Collins, a youngster from Tennessee who brought an undefeated record and a promising career to Madison Square Garden that night, absorbed a fearful beating from the light-punching Resto, under circumstances so suspicious that the New York State Athletic Commission, at the behest of Collins' father and trainer, impounded Resto's gloves.

Laboratory testing conclusively proved that the gloves had been tampered with. Three- quarters of the horsehide padding had been squeezed out through a small perforation on the side, meaning that Resto might as well have been using a blackjack on Collins' face.

Collins was badly disfigured. He came out of the fight with two fractured orbital bones and his career was ended. In his despair, he had within a matter of months abandoned his wife and baby son, taken to drink, and eventually he drove his car into a cliff. Officially it was termed an accident. His father said it might as well have been suicide, but also pointed out that his son had died, for all intents and purposes, that night in the ring.

THEY couldn't charge Panama Lewis with murder, but both he and Resto eventually stood trial and were convicted of conspiring to fix the outcome of a sporting event. Resto was never allowed to box again. Lewis did less than a year of a five-year prison sentence, but he was permanently exiled from the sport, and remains persona non grata to this day.

This hasn't kept him out of the gyms, where his shadowy and mysterious presence is beyond the jurisdictions of most boxing commissions.

He has continued to "advise" and "motivate" boxers from afar, and sometimes, from very near, serving as a de facto cornerman, shouting instructions from a ringside seat. When one of his charges, Francois Botha, fought Tyson, the Nevada Commission did its best to disrupt communication by ordering Panama removed from his ringside seat and placed well back in the audience.

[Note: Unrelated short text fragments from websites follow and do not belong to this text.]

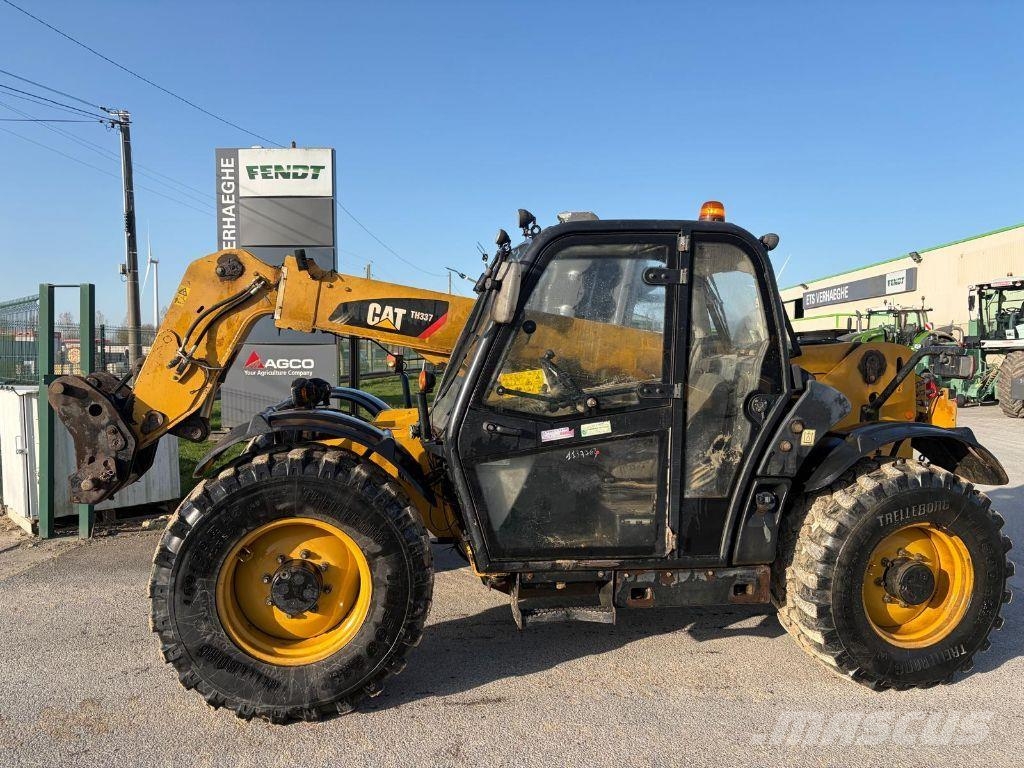CAT TH 337 Poljoprivredni teleskopski utovarivači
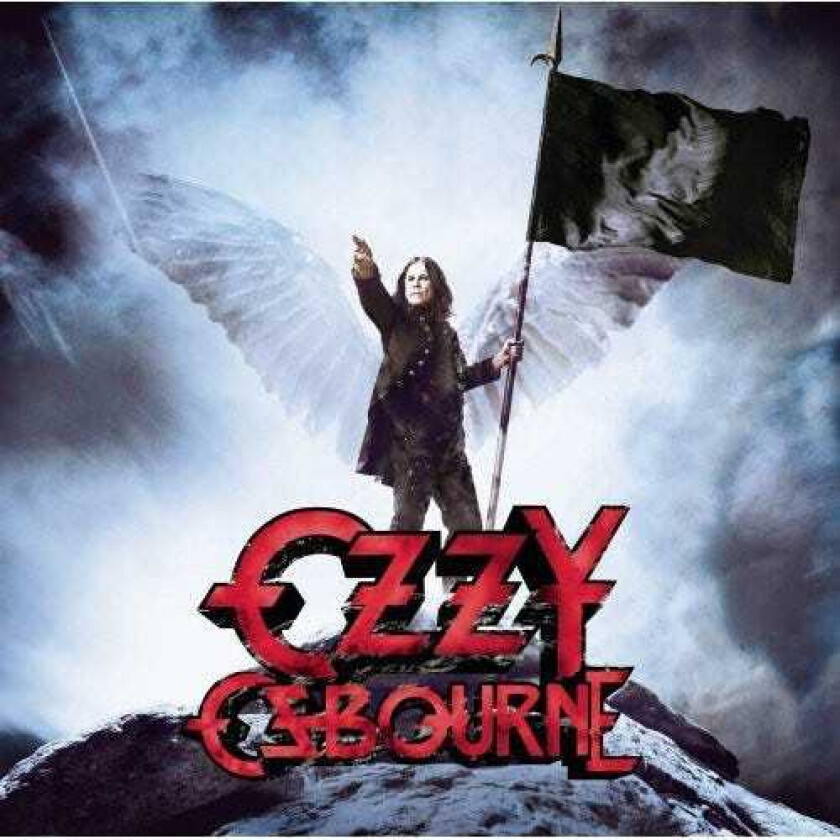 Ozzy Osbourne Scream CD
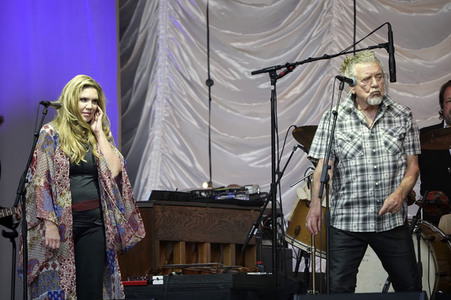Konzert von Robert Plant & Alison Krauss in Berlin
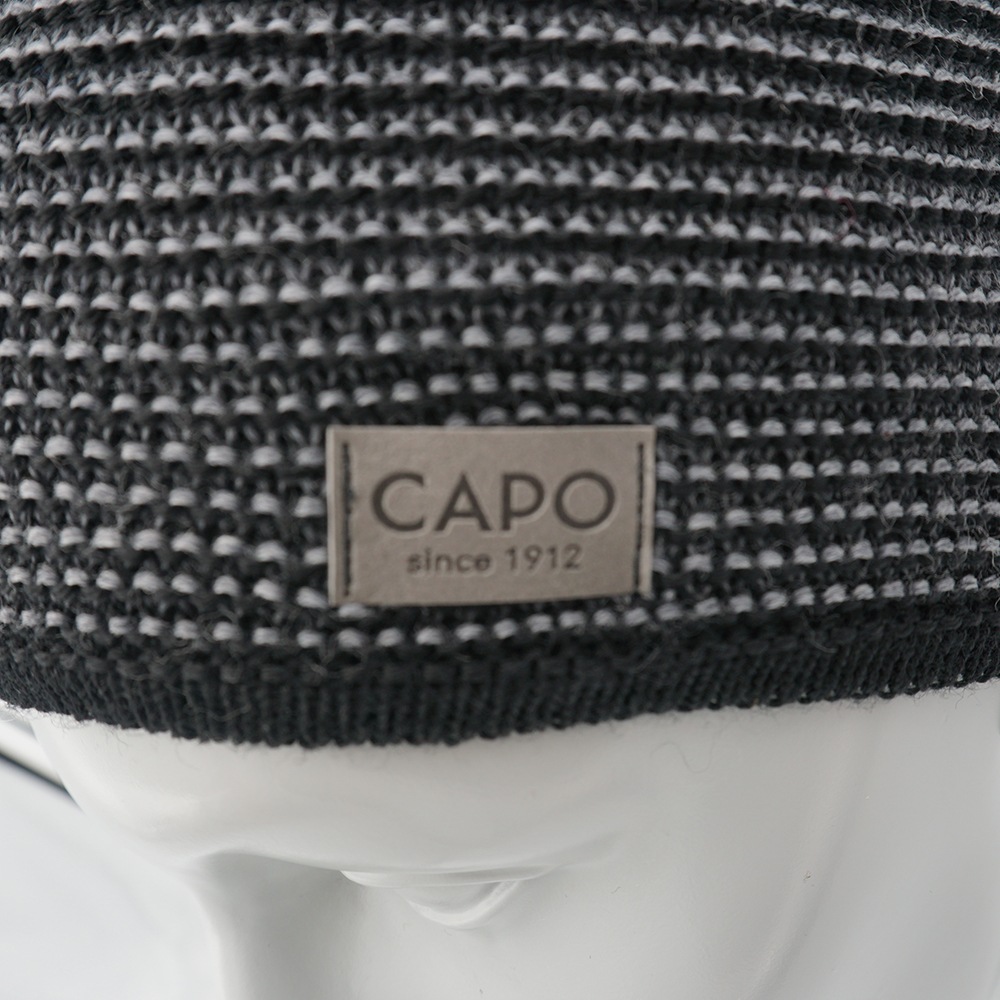 CAPO Strickmütze 1 Stk. Strickmütze, Struktur, Wolle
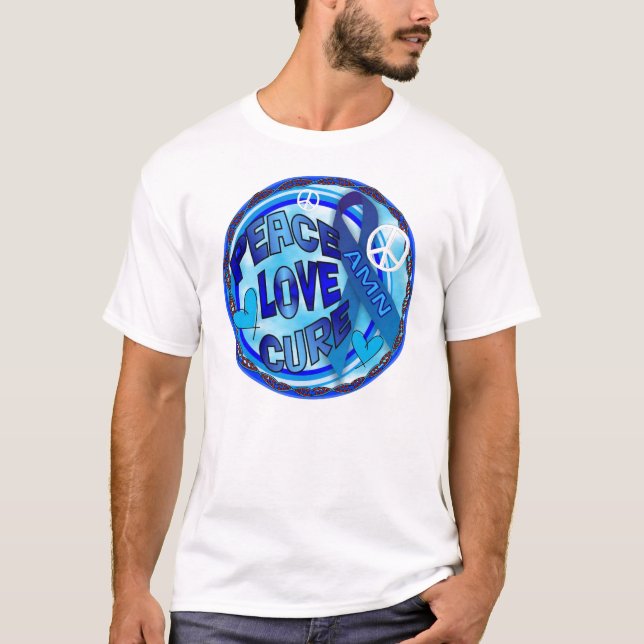 CAMISETA CURACIÓN DEL AMOR DE LA PAZ DE LA CONCIENCIA DE (Anverso)
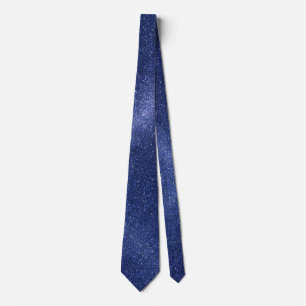 Cravate Mariage de la Fête des Pères Moderne Paillettes Na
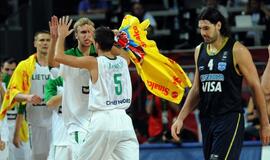 Lietuviaii pirmą kartą žais pasaulio čempionato pusfinalyje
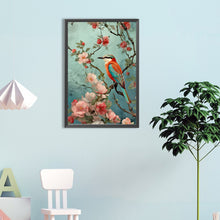 Load image into Gallery viewer, Diamond Painting - Full Round - branch bird (40*60CM)
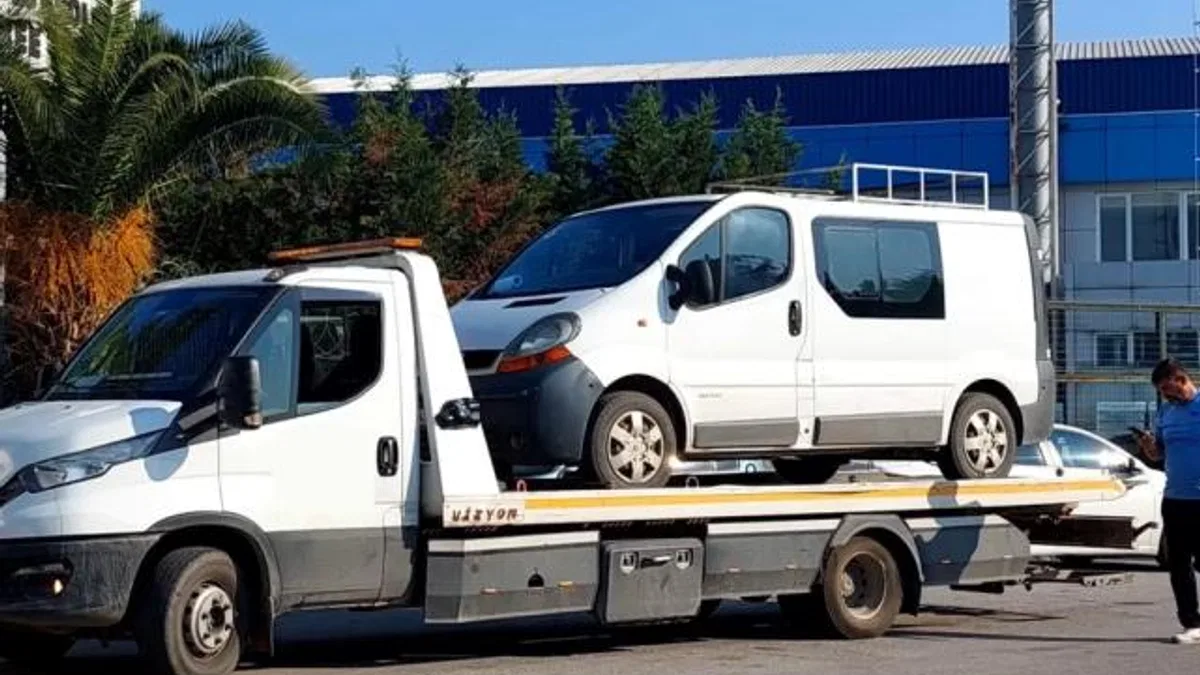 Kocaeli’de 12 araçtan 6’sı trafikten men edildi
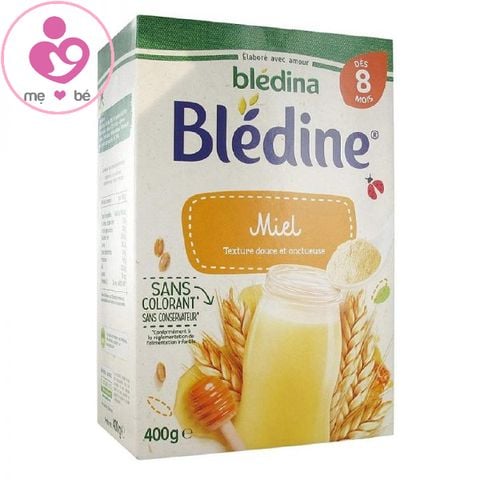Bột lắc sữa Bledine 8m của Pháp cho trẻ từ 8 tháng tuổi hộp 400g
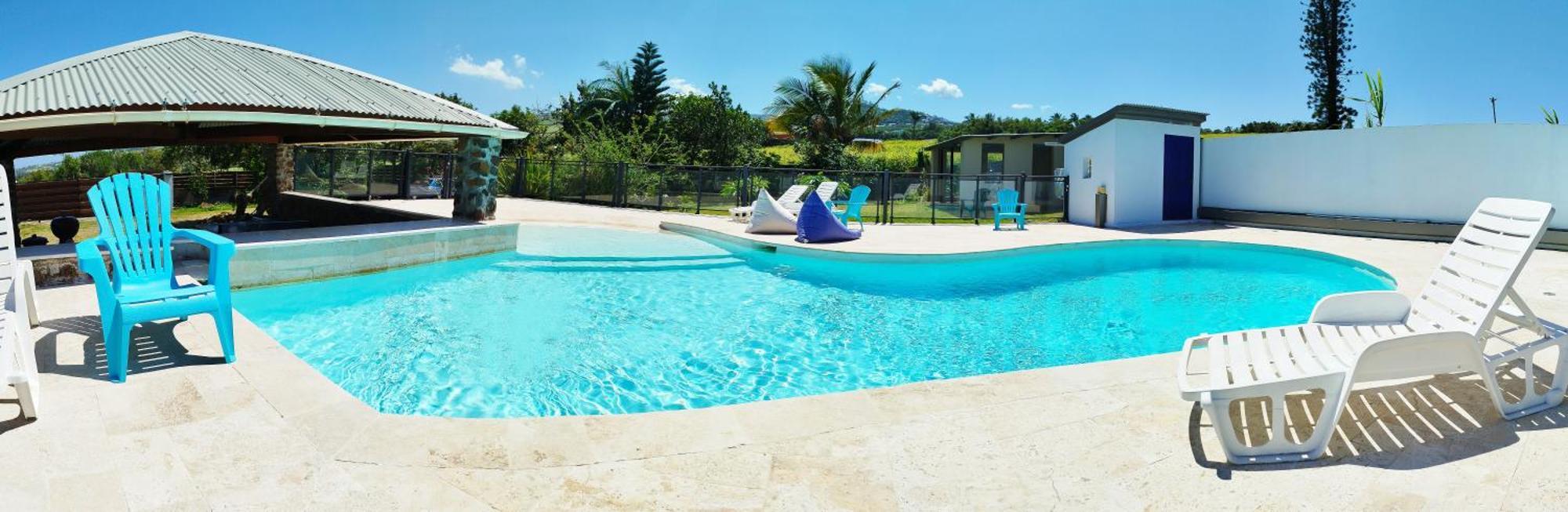 Maison Les Cocotiers De Plaiz'Anse Petite Île Eksteriør billede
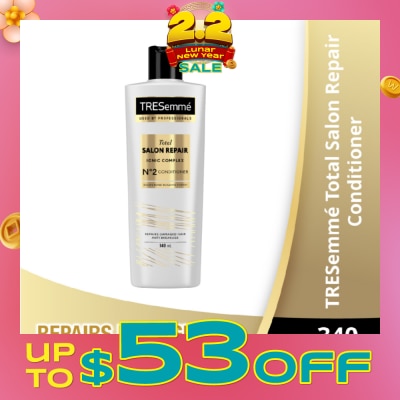 TRESEMME Total Salon Repair Damage Repair Conditioner 340ml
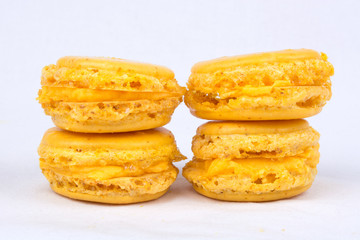 Yellow Macaroon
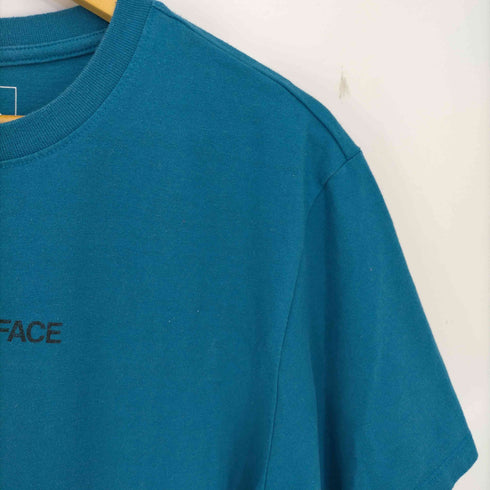 ザノースフェイス THE NORTH FACE Men’s Short Sleeve Logo Play Tee Banff Blue メンズ import:M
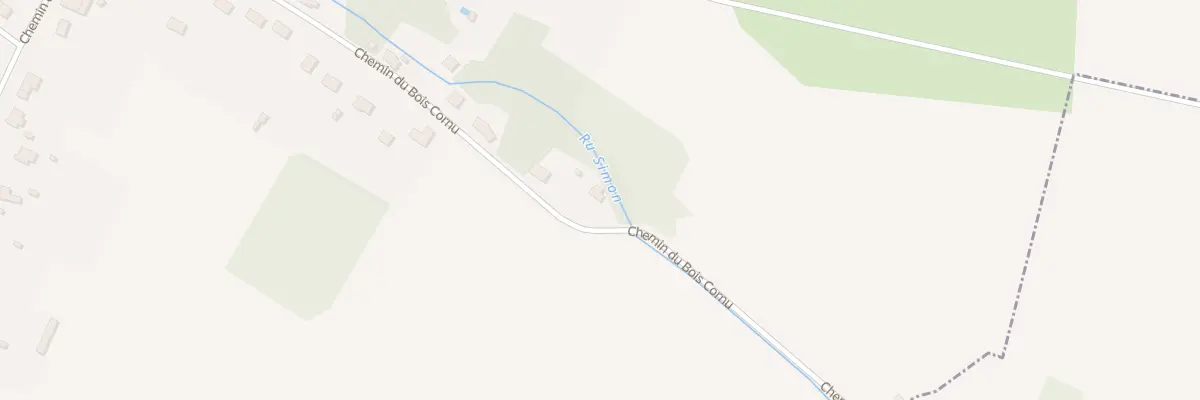 Plan du 5440 Les Lorrains à Montbouy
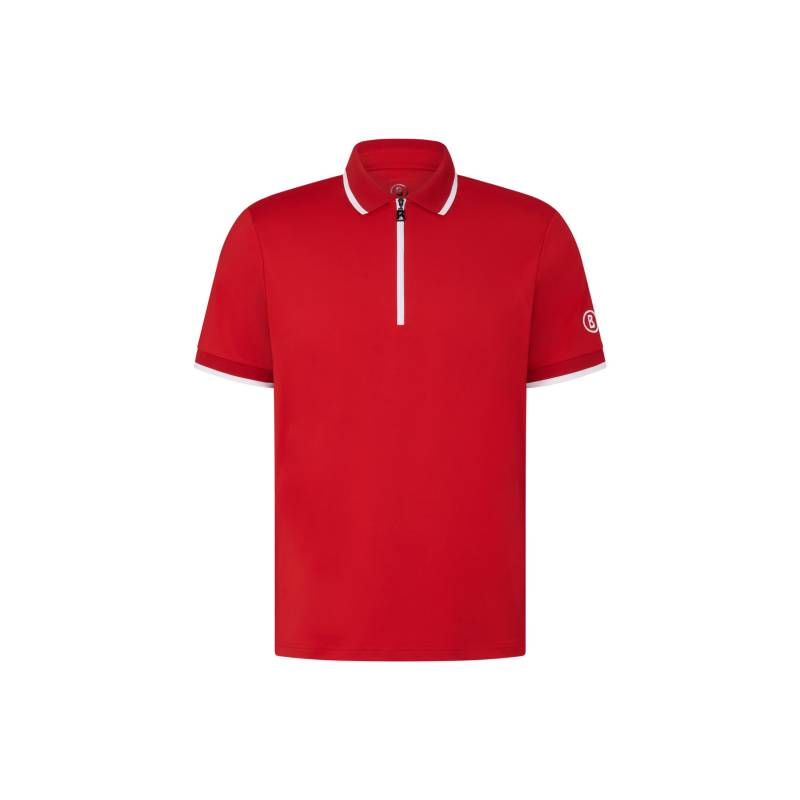 BOGNER SPORT Funktions-Polo-Shirt Cody für Herren - Rot - S von BOGNER Sport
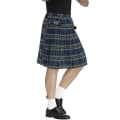 Pikkukuva 2 / 4: Irlantilainen ruudullinen vihreä kiltti - Skotlantilainen Pyhän Patrickin vihreä plisseerattu puku Tartan-hame Kiltit Vaatteet miehille ja naisille blue XL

Now he has emerged from the shadows as an "adviser" to Tyson here in Memphis, and apparently he has Iron Mike's ear. If Ronnie Shields, the respected trainer who took over the duties after Tyson split with Tommy Brooks, had an ounce of self-respect he would have quit this week, but the trainer's share of Tyson's $17.5 million purse is apparently too compelling.

When Shields agreed to train Tyson it was with two stipulations: first, that he would be in charge, with no second-guessing; and second, that Tyson purge his gym sessions of all the leeches, sycophants, and hangers-on who had been cluttering up the scene for years.

The most prominent leech exiled under this edict was the loathsome Steve (Crocodile) Fitch, the self-proclaimed "motivator" who envisions himself the 21st century version of Bundini Brown to Tyson's Ali. So far as anyone has ever been able to determine, the gravel- voiced Crocodile's function is to strut about the gym, dressed in combat boots and desert camouflage, periodically bellowing "gorilla warfare!".

Nobody else missed him much, but apparently Tyson did. After setting up shop at a fitness centre in nearby Cordova last week, Tyson remarked that it was entirely too quiet and asked someone to phone up Fitch. Now not only is Crocodile back, so is Panama Lewis.

Tyson missed a scheduled press conference in Tunica on Tuesday, but did show up at a local hotel gym long enough to hit the speed bag for 10 or 15 minutes before disappearing and leaving the press in the hands of Shields and his assistant, Stacey McKinley.

"I want him to break ribs and break jaws," McKinley told reporters. "I want them to take Lennox Lewis out on a stretcher." It turned out later that Tyson left early because of a bomb scare at the hotel.

Shields and McKinley were apparently asked to keep the press (which had been locked, en masse, inside the gym) busy while the constabulary investigated.

After listening to Shields and McKinley (and Crocodile) for half an hour, Michael (Wolf Man) Katz, the dean of American boxing writers, was moved to conclude: "I'd rather have been bombed."